## Exercise details
Repeat, word for word and with nothing added, each line from the one containing "Then fill in" to the final line of the data, keeping both ends. Pictures are not part of the copy.

........

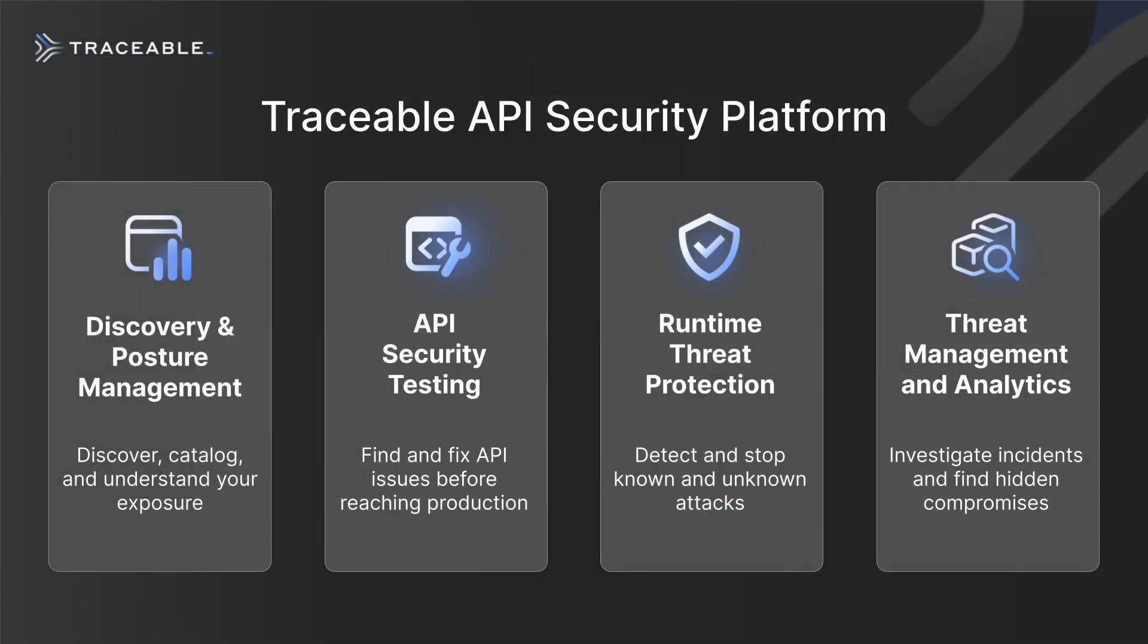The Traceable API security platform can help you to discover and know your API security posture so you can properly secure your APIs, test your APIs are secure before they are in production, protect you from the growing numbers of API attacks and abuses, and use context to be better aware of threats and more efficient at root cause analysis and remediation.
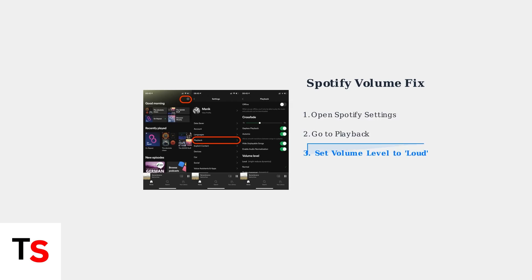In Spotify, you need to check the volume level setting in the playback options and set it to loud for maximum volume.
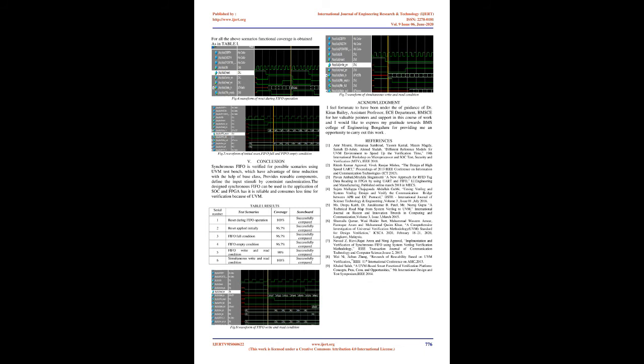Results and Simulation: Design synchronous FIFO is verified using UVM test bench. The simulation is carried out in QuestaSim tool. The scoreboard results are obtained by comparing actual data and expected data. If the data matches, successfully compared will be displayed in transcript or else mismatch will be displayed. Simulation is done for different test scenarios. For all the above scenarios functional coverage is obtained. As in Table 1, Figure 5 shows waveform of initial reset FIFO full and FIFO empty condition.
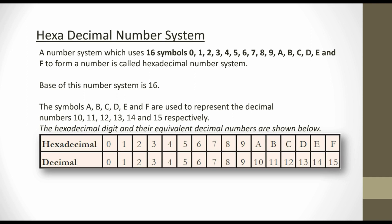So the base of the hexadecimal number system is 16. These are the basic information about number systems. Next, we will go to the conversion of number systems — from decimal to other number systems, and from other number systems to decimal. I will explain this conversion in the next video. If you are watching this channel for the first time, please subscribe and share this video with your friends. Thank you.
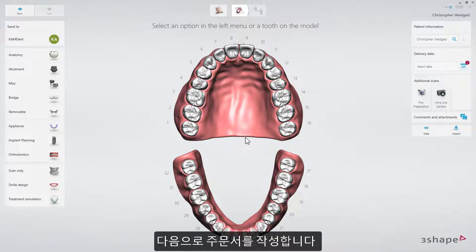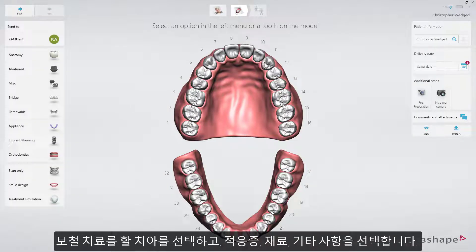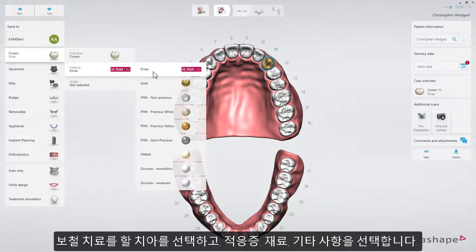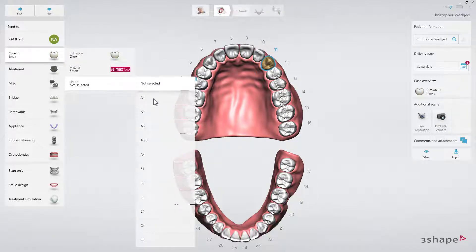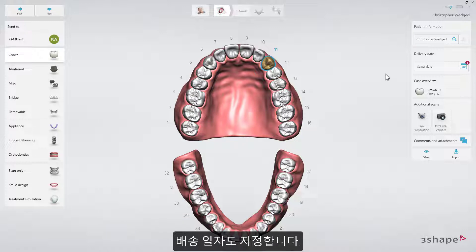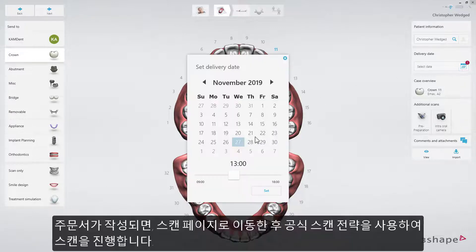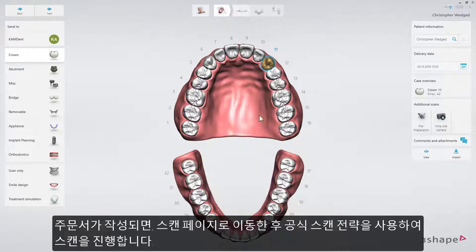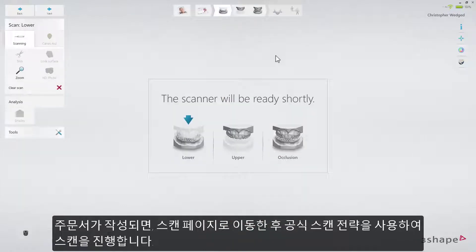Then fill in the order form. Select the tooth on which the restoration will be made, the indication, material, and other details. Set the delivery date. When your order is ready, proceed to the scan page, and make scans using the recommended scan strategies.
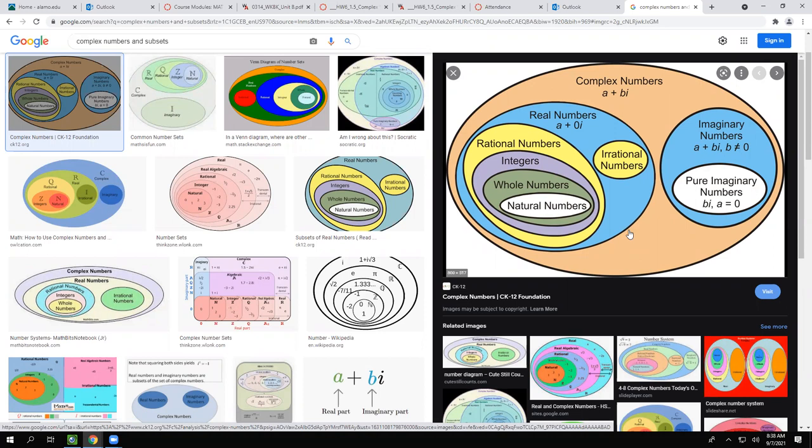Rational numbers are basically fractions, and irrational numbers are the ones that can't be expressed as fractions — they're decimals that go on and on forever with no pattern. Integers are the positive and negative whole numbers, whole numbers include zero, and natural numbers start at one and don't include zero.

........

## Result of this exercise
Then fill in the order form. Select the tooth on which the restoration will be made, the indication, material, and other details. Set the delivery date. When your order is ready, proceed to the scan page, and make scans using the recommended scan strategies.
Rational numbers are basically fractions, and irrational numbers are the ones that can't be expressed as fractions — they're decimals that go on and on forever with no pattern. Integers are the positive and negative whole numbers, whole numbers include zero, and natural numbers start at one and don't include zero.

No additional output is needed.